Finally, how do you think she would take the suggestion that she go into a hospital? Would she be so angry that she would cut off contact with you? You should be careful about how you frame your suggestion. You might try saying something neutral like, "It sounds like you need more support than you're getting right now." That way she can lead the discussion -- the patient should always be in charge of her own care if it's at all possible. Of course you can contribute ideas, do a bit of research for her, but if she thinks you're all, "OMG, you are totally crazy," she won't be able to hear your advice. Make sure that anything you say comes off as concerned and not accusatory.

Good luck.
posted by brina at 5:14 PM on November 5, 2009


For those who advocate doing nothing....please do something.In our city a local businessman, loved and wellregarded by all who knew him, started showing symptoms of paranoia. Long story short, he just killed his wife, his two teenaged children, and himself.

Yes, he was an adult, and yes he was responsible for himself. I do think some of his friends tried to help him but probably weren't really sure what they should do. My boss, who is a trained therapist, feels that probably people weren't sure what to do about the warning signs, and that also the fear of stigma entered into the equation.

To the poster: All I can say is if she acts as if she could be in imminent danger of harming herself (or others) please, please, please contact mental health professionals, or worst case scenario, the police. Yes, hospitalization is traumatic (I know this from experience) but there are worse things.
posted by St. Alia of the Bunnies at 5:33 PM on November 5, 2009 [3 favorites]

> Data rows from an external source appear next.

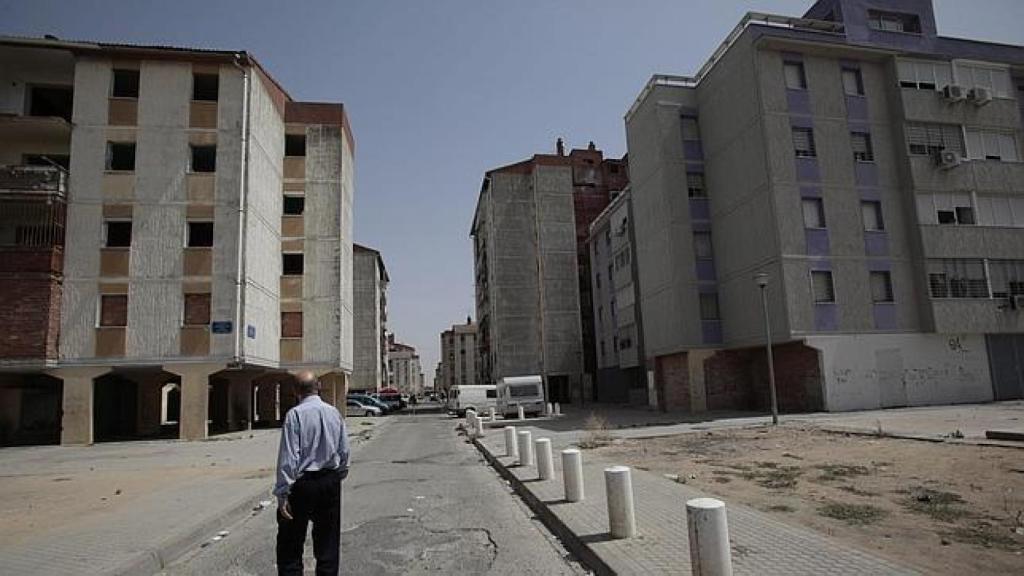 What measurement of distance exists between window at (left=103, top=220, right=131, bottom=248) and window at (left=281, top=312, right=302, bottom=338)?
8.54 meters

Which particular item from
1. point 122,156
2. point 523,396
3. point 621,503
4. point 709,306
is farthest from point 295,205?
point 621,503

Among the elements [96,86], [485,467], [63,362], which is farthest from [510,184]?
[485,467]

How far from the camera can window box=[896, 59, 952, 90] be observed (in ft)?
98.5

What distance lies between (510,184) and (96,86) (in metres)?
38.0

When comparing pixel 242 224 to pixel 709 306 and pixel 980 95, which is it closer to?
pixel 709 306

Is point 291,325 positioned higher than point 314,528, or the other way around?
point 291,325

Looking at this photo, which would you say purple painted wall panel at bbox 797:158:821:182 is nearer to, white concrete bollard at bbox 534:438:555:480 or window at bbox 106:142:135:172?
white concrete bollard at bbox 534:438:555:480

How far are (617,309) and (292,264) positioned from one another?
23383 mm

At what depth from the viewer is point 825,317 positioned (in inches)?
1066

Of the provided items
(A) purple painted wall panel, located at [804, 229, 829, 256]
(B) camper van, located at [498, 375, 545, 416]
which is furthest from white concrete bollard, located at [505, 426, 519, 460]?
(B) camper van, located at [498, 375, 545, 416]

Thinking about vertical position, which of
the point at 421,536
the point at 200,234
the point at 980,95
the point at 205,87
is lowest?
the point at 421,536

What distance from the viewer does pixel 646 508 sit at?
8195mm

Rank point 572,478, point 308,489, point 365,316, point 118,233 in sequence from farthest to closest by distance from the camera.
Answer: point 365,316
point 118,233
point 572,478
point 308,489

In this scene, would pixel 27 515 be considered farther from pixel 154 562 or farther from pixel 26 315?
pixel 26 315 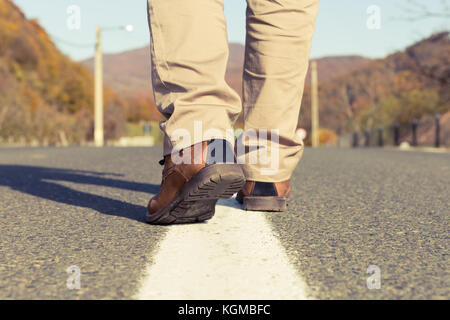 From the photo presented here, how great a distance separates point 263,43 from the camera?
2.40 m

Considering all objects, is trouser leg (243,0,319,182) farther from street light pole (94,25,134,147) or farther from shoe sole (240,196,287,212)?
street light pole (94,25,134,147)

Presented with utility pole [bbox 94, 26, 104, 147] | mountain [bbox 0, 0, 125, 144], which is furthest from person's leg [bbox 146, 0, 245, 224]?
utility pole [bbox 94, 26, 104, 147]

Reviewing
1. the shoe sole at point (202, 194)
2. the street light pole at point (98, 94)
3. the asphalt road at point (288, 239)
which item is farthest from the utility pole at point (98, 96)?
the shoe sole at point (202, 194)

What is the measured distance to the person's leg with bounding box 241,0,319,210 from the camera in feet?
7.82

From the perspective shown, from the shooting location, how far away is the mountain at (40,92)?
2333 cm

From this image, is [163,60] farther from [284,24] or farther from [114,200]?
[114,200]

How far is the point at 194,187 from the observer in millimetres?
1853

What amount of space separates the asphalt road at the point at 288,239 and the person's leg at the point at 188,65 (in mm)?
410

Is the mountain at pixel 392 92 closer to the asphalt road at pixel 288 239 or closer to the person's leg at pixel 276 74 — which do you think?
the asphalt road at pixel 288 239

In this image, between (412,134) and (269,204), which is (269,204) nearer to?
(269,204)

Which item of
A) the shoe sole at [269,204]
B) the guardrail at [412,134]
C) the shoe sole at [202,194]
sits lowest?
the guardrail at [412,134]

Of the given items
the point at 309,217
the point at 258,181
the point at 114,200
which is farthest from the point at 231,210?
the point at 114,200

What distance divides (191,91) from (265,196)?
74 centimetres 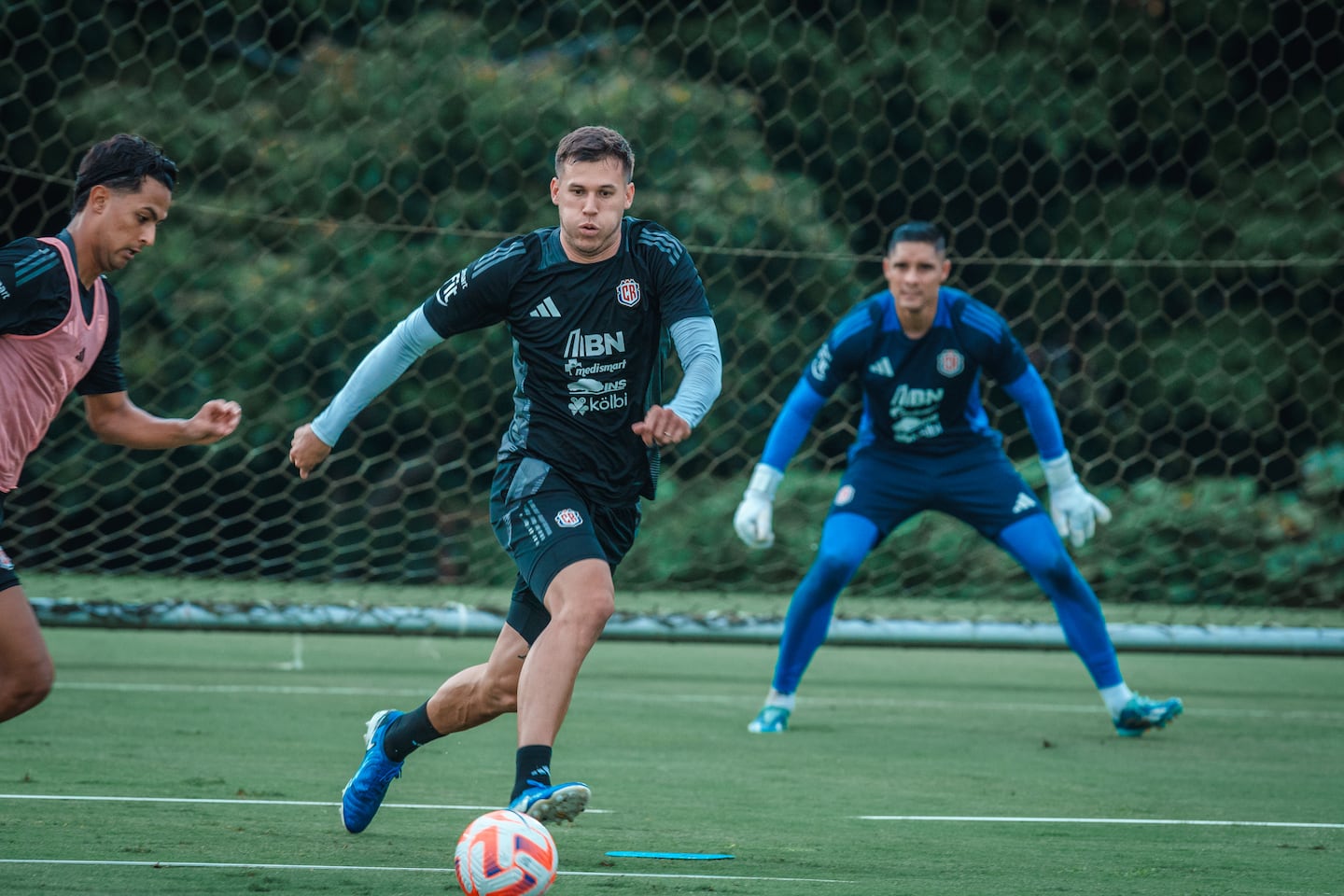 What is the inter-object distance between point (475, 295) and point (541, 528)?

You, yourself, should NAMI up.
posted by jgirl at 5:54 PM on November 5, 2009


the story is fairly vague, so it's a bit hard to know what is actually going on. however, one thing that comes to mind is that sometimes a "mentally ill" person is wanting us to become involved in a drama. If we refuse, they might implicitly or explicitly give the "world is going to end" response, but almost always they end up just moving on to someone else who is more interested in that drama. That doesn't mean you shouldn't call the police if the person says she is going to kill herself, but might suggest that hopping on a plane yourself as the rescuer isn't going to solve her problem.
posted by peter_meta_kbd at 6:02 PM on November 5, 2009


These previous answers may help.
posted by mkb at 6:02 PM on November 5, 2009


For those who advocate doing nothing....please do something.In our city a local businessman, loved and wellregarded by all who knew him, started showing symptoms of paranoia. Long story short, he just killed his wife, his two teenaged children, and himself.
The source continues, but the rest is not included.